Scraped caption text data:
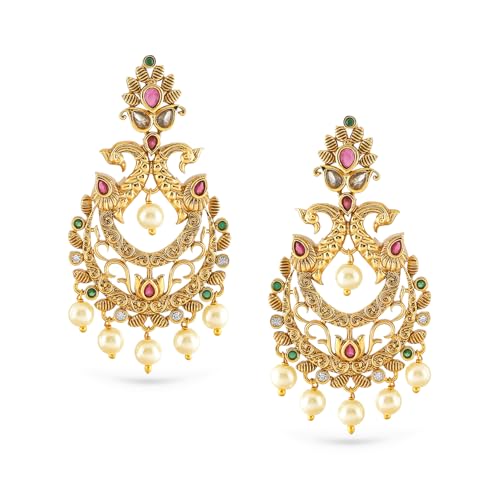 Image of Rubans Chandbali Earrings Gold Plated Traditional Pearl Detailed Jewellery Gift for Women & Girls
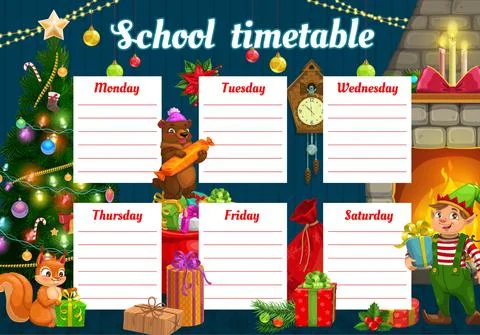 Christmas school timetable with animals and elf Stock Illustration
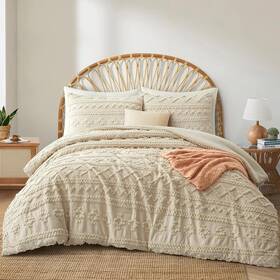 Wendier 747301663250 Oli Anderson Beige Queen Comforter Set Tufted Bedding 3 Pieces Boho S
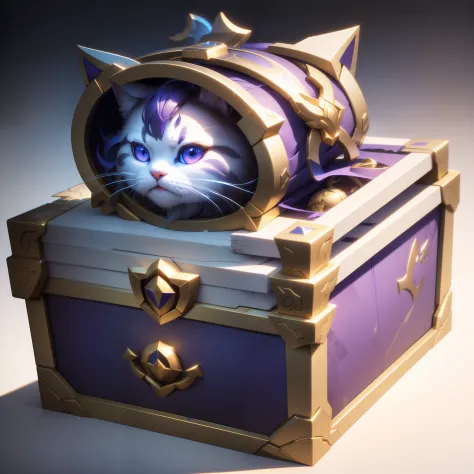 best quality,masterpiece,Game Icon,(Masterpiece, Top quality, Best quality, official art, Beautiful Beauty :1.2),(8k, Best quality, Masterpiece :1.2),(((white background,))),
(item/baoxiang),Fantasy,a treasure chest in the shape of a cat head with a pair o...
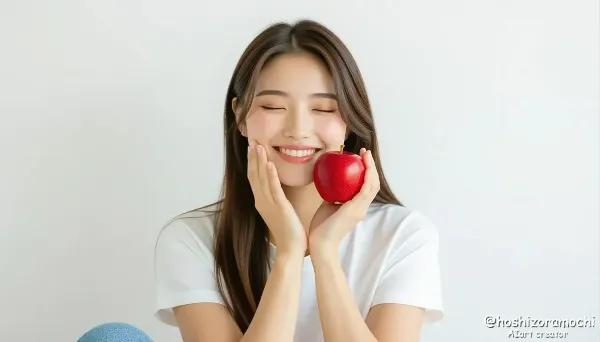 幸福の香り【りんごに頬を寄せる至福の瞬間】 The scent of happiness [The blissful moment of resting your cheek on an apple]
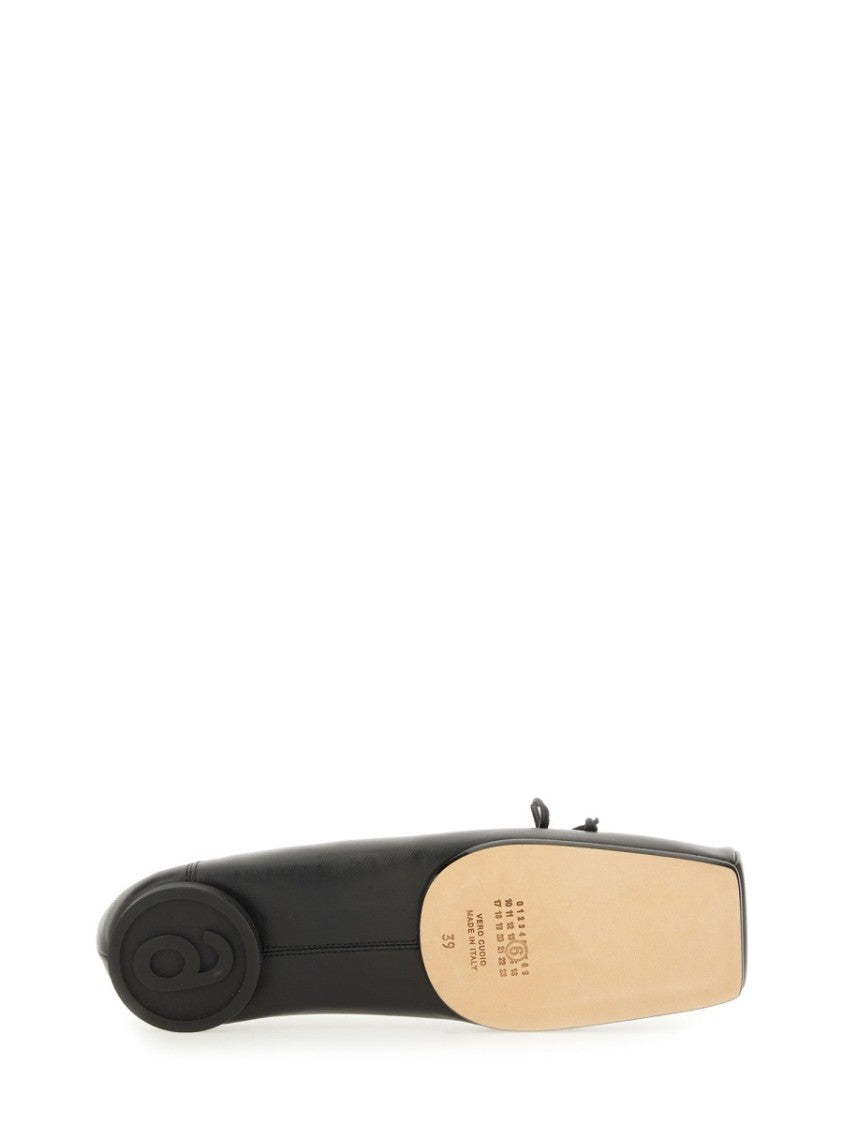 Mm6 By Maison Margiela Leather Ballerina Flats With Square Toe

DIRECTIONS FOR THIS TASK —
Go through the data above and print exactly the lines from its first line through the line holding "Wendier 747301663250 Oli", both included, leaving pictures aside.

SOLVED PROBLEM —
 Image of Rubans Chandbali Earrings Gold Plated Traditional Pearl Detailed Jewellery Gift for Women & Girls
 Christmas school timetable with animals and elf Stock Illustration
 Wendier 747301663250 Oli Anderson Beige Queen Comforter Set Tufted Bedding 3 Pieces Boho S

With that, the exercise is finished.